Cabana de palha, fica lá na praia
O lugar pra ver o mar chegar
Estrela do céu faz um favor
Mostrar aos olhos
Que
Já estamos no céu...
(Dazaranha: Afinar as Rezas)
Sinto
saudade de um certo aonde. De certos lugares por onde andei, algumas ruas,
algumas praias. Sinto saudade dessa ilha que me criou, fez de mim que eu sou
hoje, sinto saudade dessa terra cujas excentricidades excedem todas as
expectativas, lugar em que a magia faz parte de tudo, proximidade justa entre o
céu e a terra, o melhor de dois mundos.
Sinto
saudade dessa ilha surreal, ilha de encantos, ilha de agrados e desagrados;
sinto saudade de mim mesmo, refletido na água morna num dia ventoso, das dunas
e das lendas.
Saudade material de todo o imaterial construído, não
fiz riqueza, não ganhei a vida, apenas vivi todos os dias permitidos, vivi cada
alegria e cada tristeza daquela terra. Saudade de ti, Conceição e suas estradas
sinuosas, saudade do “vamos fazer um bom dia hoje”. Saudade de quem fui, de
quem me tornei e me perdi depois de atravessar o Mampituba.
Sinto-me
despatriado, exilado no extremo sul do sul, 200 km me separam do Chuí e 800 km
me separam da minha terra: Não, não é minha terra, não nasci lá; mas gostaria.
Cresci na Ilha da Magia, em Nossa Senhora do Desterro. Lá aprendi a ser alguém,
aprendi a ser eu mesmo. Tanto flanei pela Lauro Linhares, quantas vezes chorei minhas
mágoas sentindo teu ar, Desterro. Quantas vezes aportei em tuas terras e me
emocionei por ver a Hercílio Luz iluminada. Vivi para ver neve no pico do
Cambirela, eu lembro bem daquela manhã gelada, o ônibus passando pela Beira Mar
Norte e eu espantado com aquilo. Vivi o apagão geral, 4 dias sem luz, alguém
incendiou os cabos de luz dentro da Colombo Sales, era dia de prova e num
repente tudo estava apagado, quatro dias ouvindo “raidinho” à pilha, jogando
canastra e todo o falatório era sobre o apagão. E, quando arrumaram tudo, veio
a ventania e fez acabar a luz de novo, foram duas horas iluminadas e mais um
dia sem luz.
Vivi
amores, desamores. Chorei e sorri nas tuas terras e teus braços sempre me
aconchegaram, Desterro.
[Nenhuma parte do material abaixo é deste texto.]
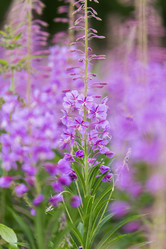 Similar image 21400271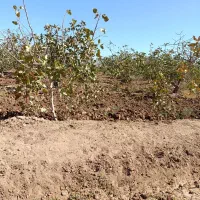 کار کشاورزی|خدمات باغبانی و درختکاری|زرند, |دیوار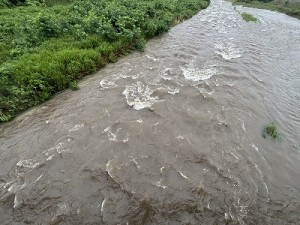 0717-4縮小
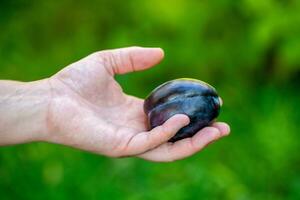 Frais prune fruit dans mains photo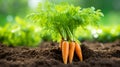 Fresh organic carrot vegetable growing in garden soil, closeup with natural background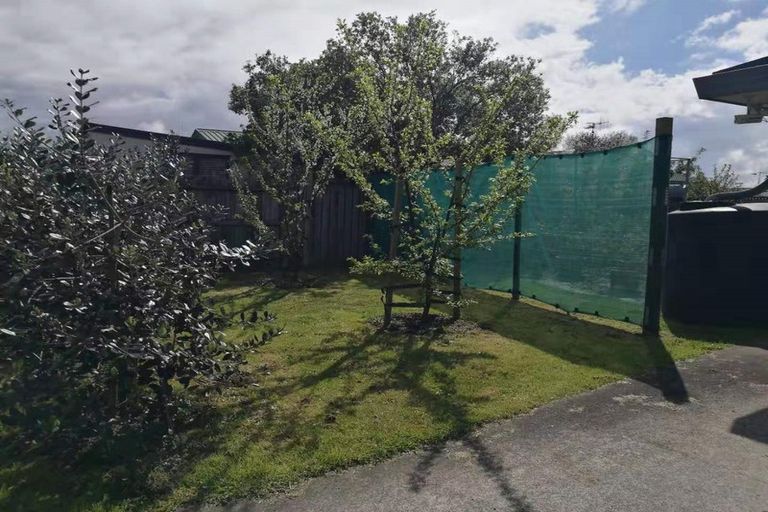 Photo of property in 50 Solomon Street, Brookfield, Tauranga, 3110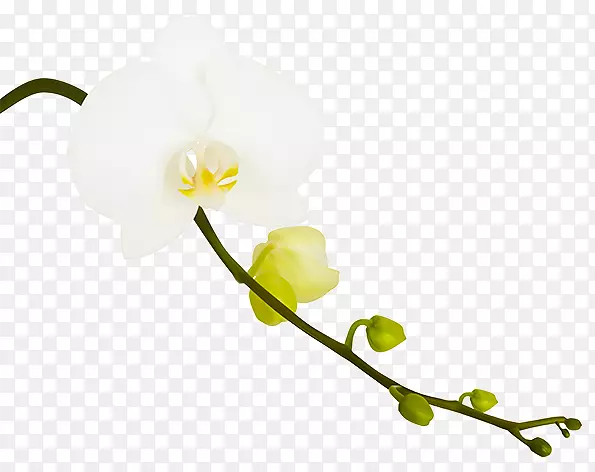 ��Ӱ����-������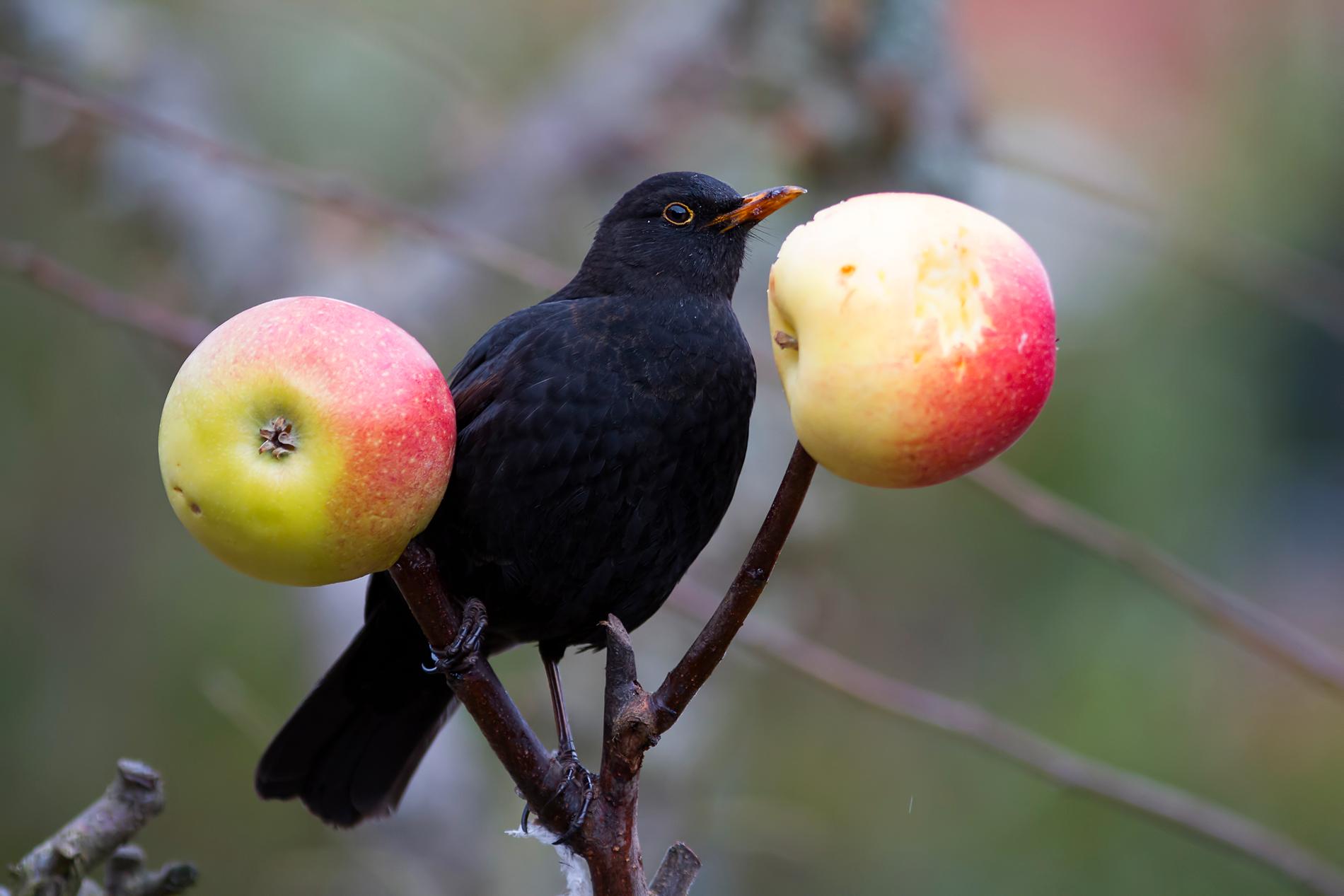 Koltrasten äter frön och nötter men likt sidensvansen föredrar den äpplen. Arkivbild.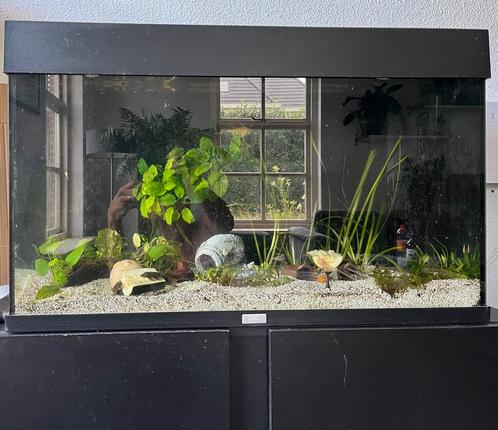 Conpleet Juwel aquarium met kast, Dieren en Toebehoren, Vissen | Aquaria en Toebehoren, Gevuld zoetwateraquarium, Ophalen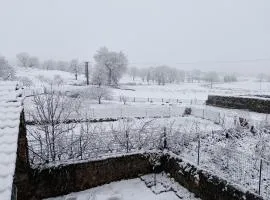 Un petit nid à la campagne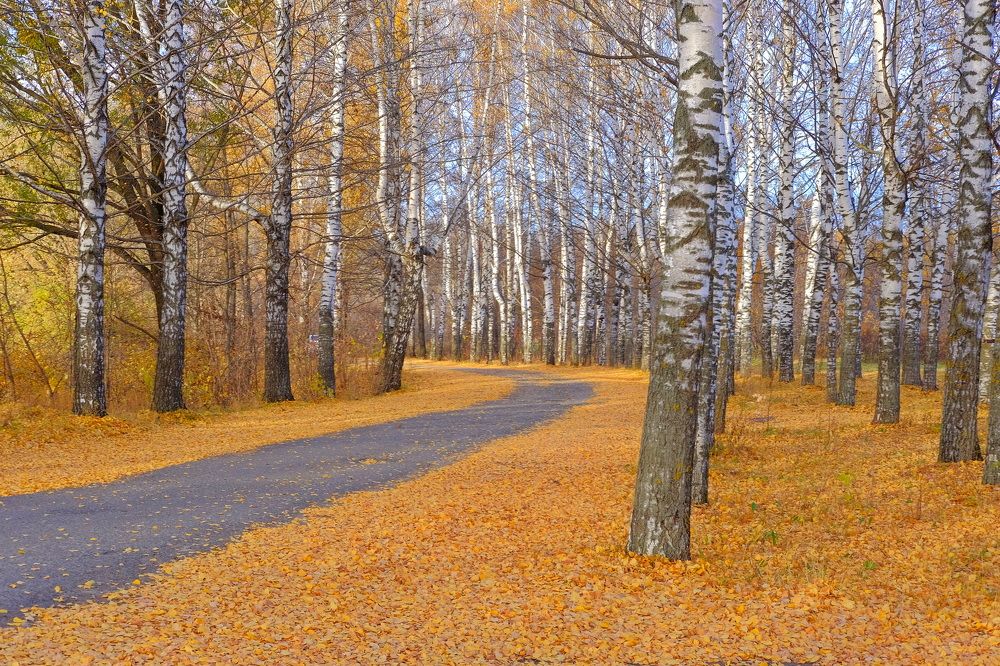 Photograph by Юрий Кузьмин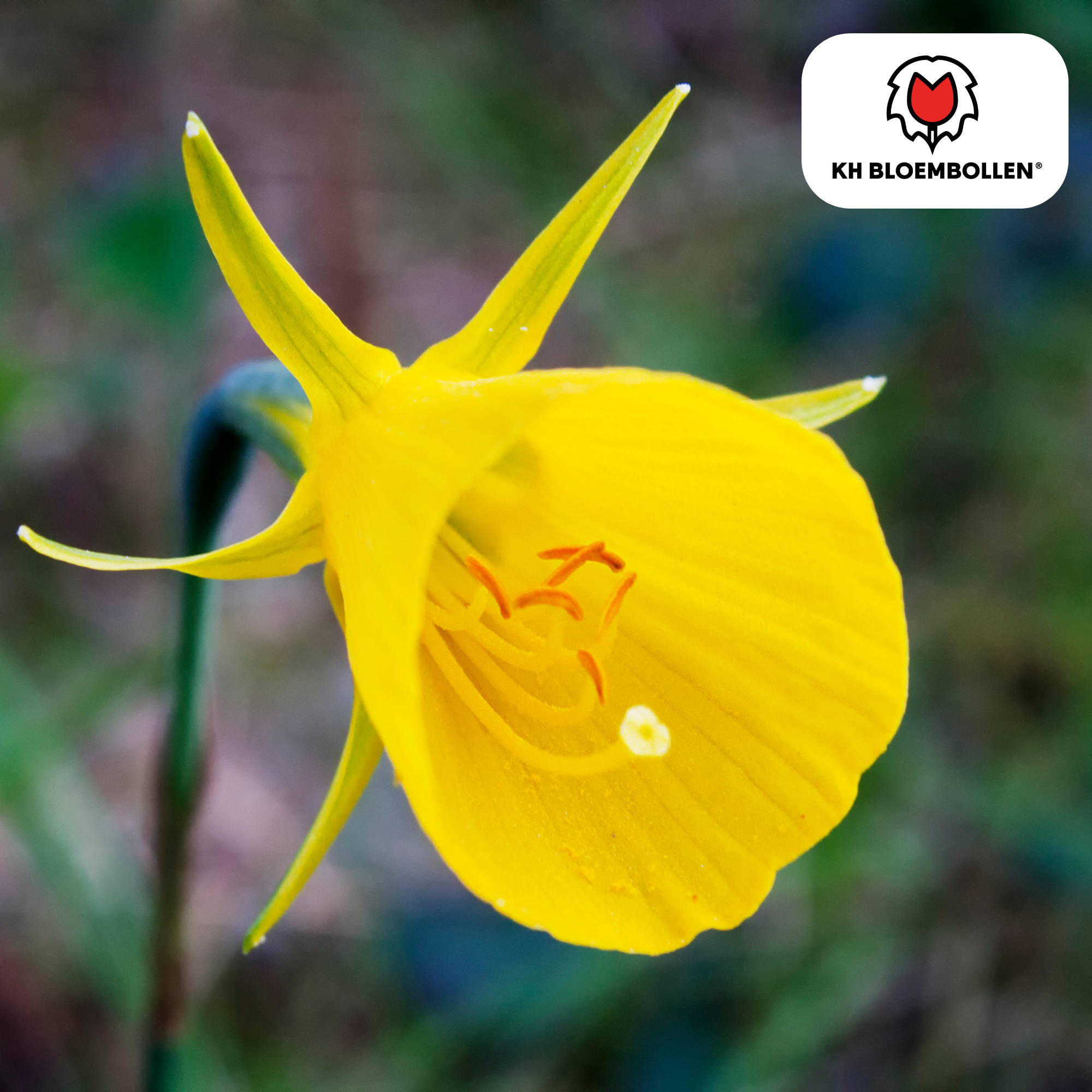 Narzissen - Narcis Golden Bells 25 Stück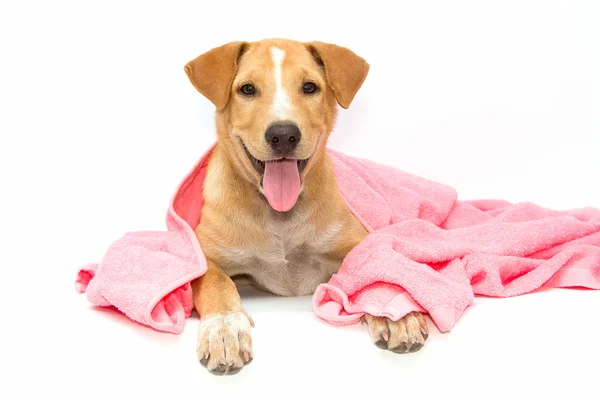 Hund efter badet med en rosa handduk isolerad på vit ba — Stockfoto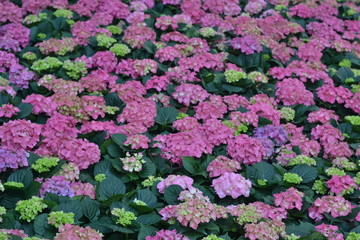 purple flowers in the garden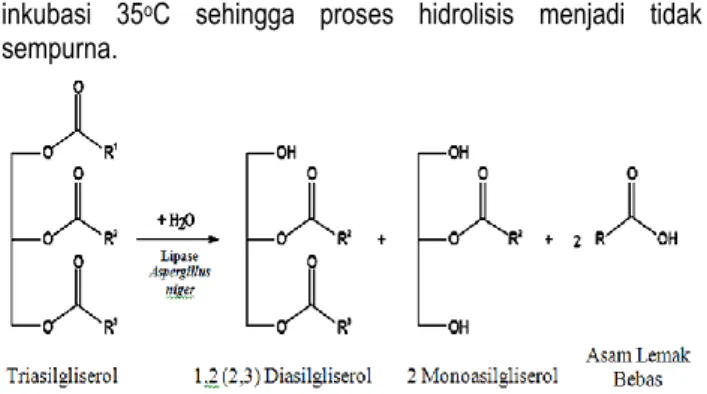 Gambar 8.  Mekanisme  reaksi  hidrolisis  triasilgliserol  dengan  katalis  lipase spesifik 1,3 dari  Aspergillus niger (Carvalho et al.,  2009) 
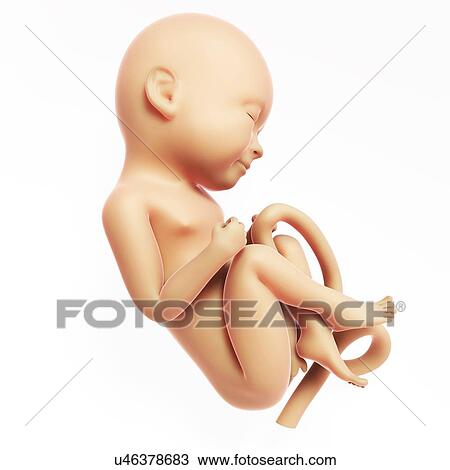 Human fetal development, artwork View Large Illustration Drawing - Human fetal development, artwork. Fotosearch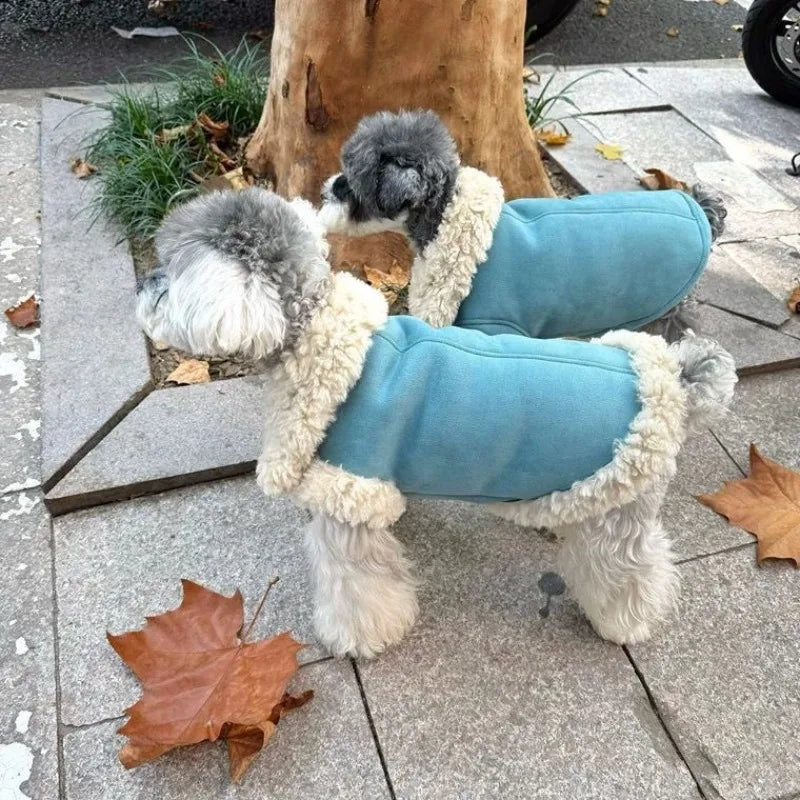 ❄️🐾 Manteau Moumoute Pupstyle pour Chien 🐾❄️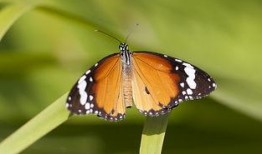 国产采精小蝴蝶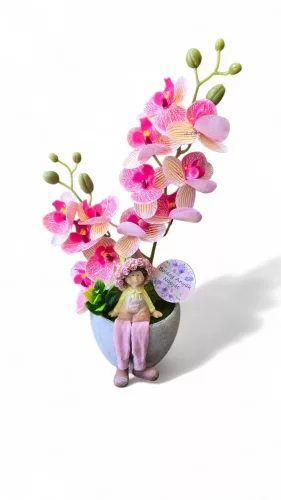  Bloomi.hu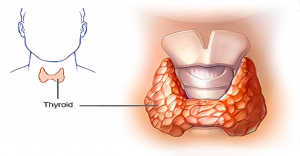 Read more about the article You Will Never Hear This From Your Doctor: How To Cure Your Thyroid Gland With Just Two Ingredients!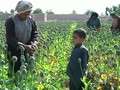 VIDEO: Petani Afghanistan Panen Opium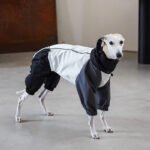 Polyester Raincoat Outdoor Greyhound Clothes - Image 6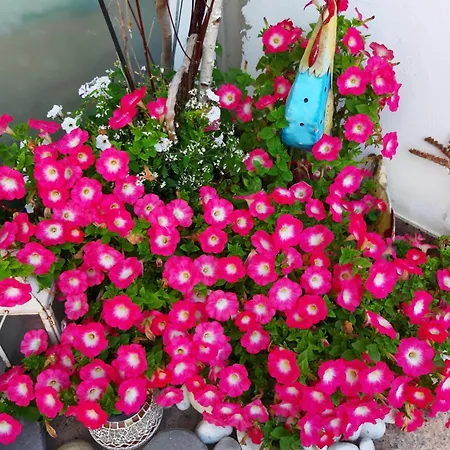 Florianihof Sankt Marxen 3* Brenndorf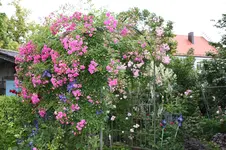 Rose Super Dorothy    0224.webp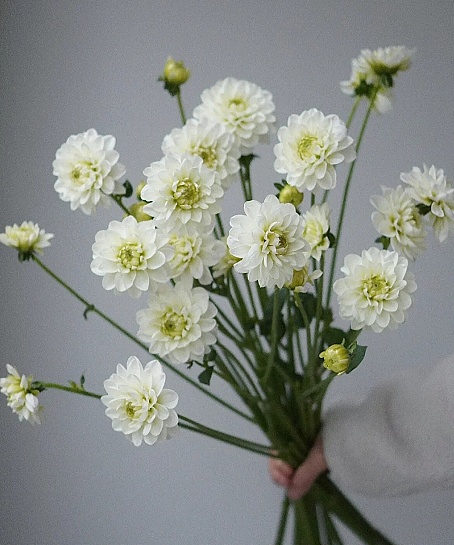 Dahlia-White fresh cut rose wholesale from China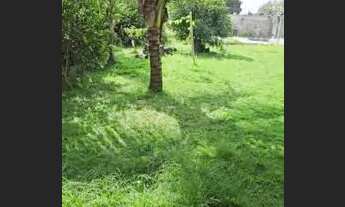 Imagem: Alugo Casa com Piscina no Barroco possui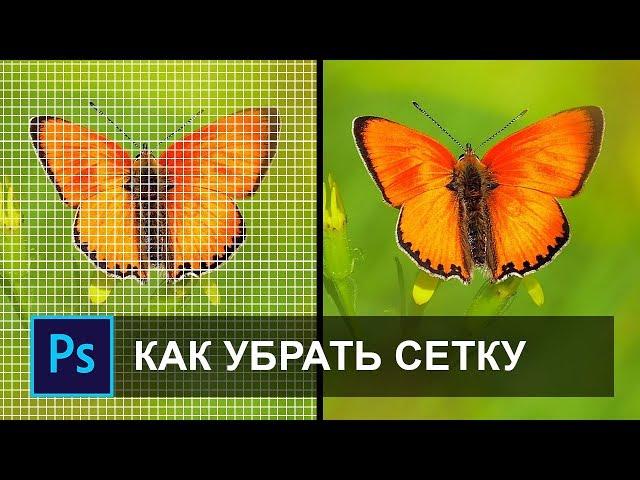 Как отключить пиксельную сетку в фотошопе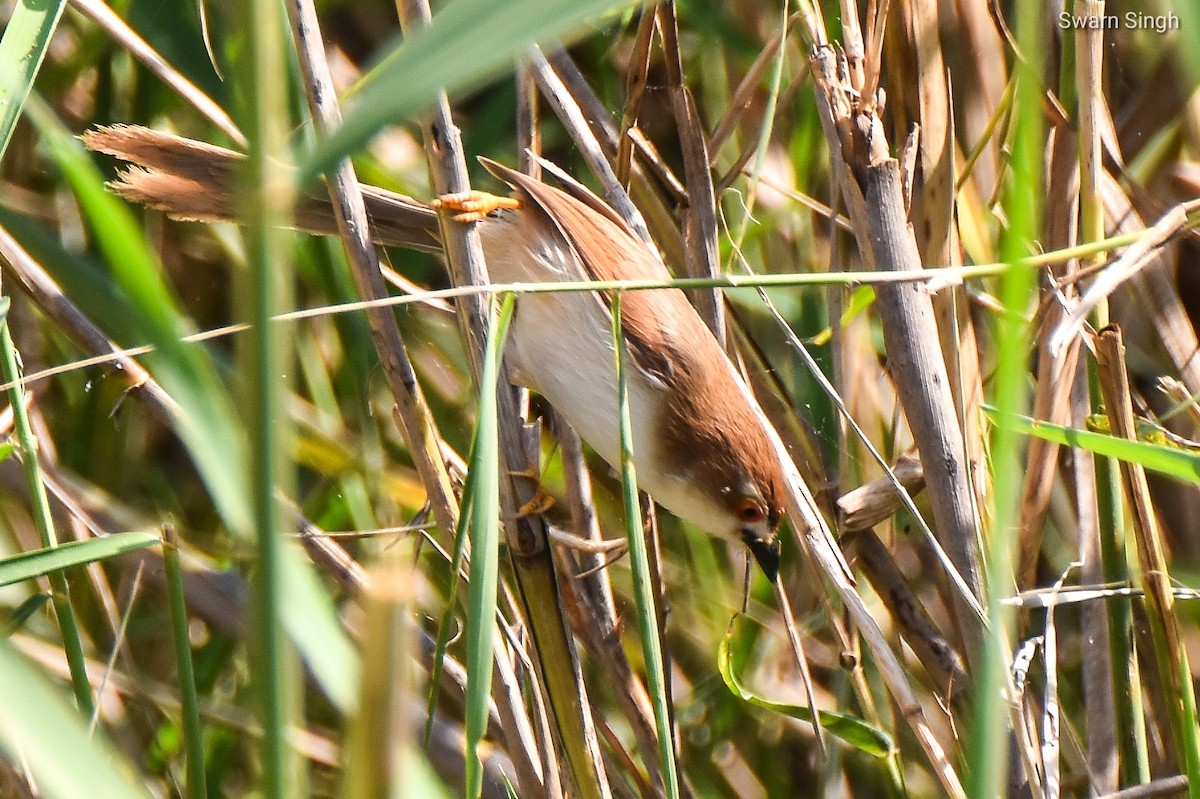 Yellow-eyed Babbler - ML227069171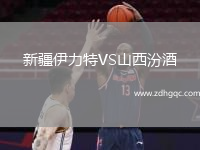 新疆伊力特VS山西汾酒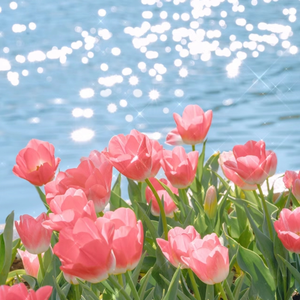 化妆舞会1998罗丽星
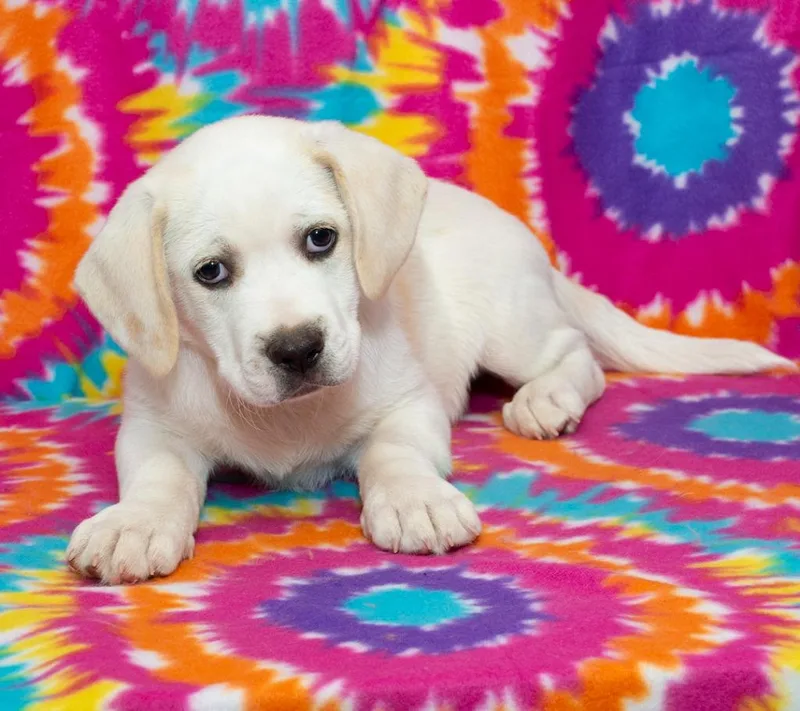 A baby medium-sized male Beagle dog named Teddy Bear for adoption in Troy, OH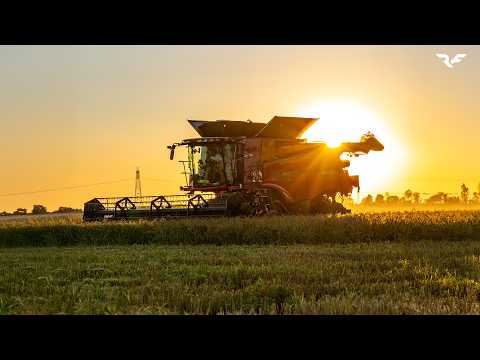| Epic Rice Harvest 🌾 | Case IH 8240 AFS Axial - Flow| Speziali Antenore Srl| #agriculture
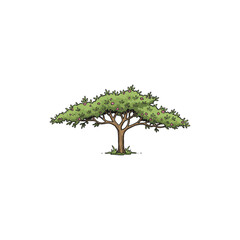 Colorful Icon of Wild Tamarix Tree with Feathery Leaves and No White Fill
Tuas águas embalaram tantas noites, os cigarros à beira
mar, o som das águas chacoalhando o infinito da noite, a vista da ilha das
aranhas. As vezes que me jogava do trapiche de Canasvieiras.
Sim,
eu reclamava: muito da tua beleza foi tirada pela ganância dos homens, muito do
teu esplendor foi apagado por prédios cada vez mais altos a cortar tua bela
paisagem, mas, mesmo assim, és linda, Desterro. Desterro da minha vida.
Eu
lembro bem do meu primeiro dia, descobrindo a nova vida, sendo acolhido pelos
teus braços, envolvido pela tua magia, pensando nas bruxas e todas as loucuras
que um dia tu me deste. Me presenteaste com a vida, a vida nova, com um lar de
verdade. E eu sinto falta do teu ar, sinto falta da tua energia.
Algumas
noite eu acordo, pranteio de saudade, ouço “Daza” e penso no dia do meu
retorno. Dia de olhar novamente tua paisagem e ter um lugar pra chamar de lar,
reclamar do inverno que não faz frio, reclamar das chuvas de outubro/novembro,
reclamar das quatro estações no dia, mas percebo o quanto nada disso importava,
pois era nos teus braços, Desterro, foi nas tuas terras onde criei meu porto
seguro, meu lar desabrigado. Nas tuas praças velei noites a dormir, preocupado
se algo aconteceria comigo, mas eu sabia, eu estava em casa, nada aconteceria.
Mesmo as tristezas, que eram muitas, nada apagou esse amor infinito por ti.
Sinto
saudade deste certo aonde. Aonde vivi, aonde cresci. Lar!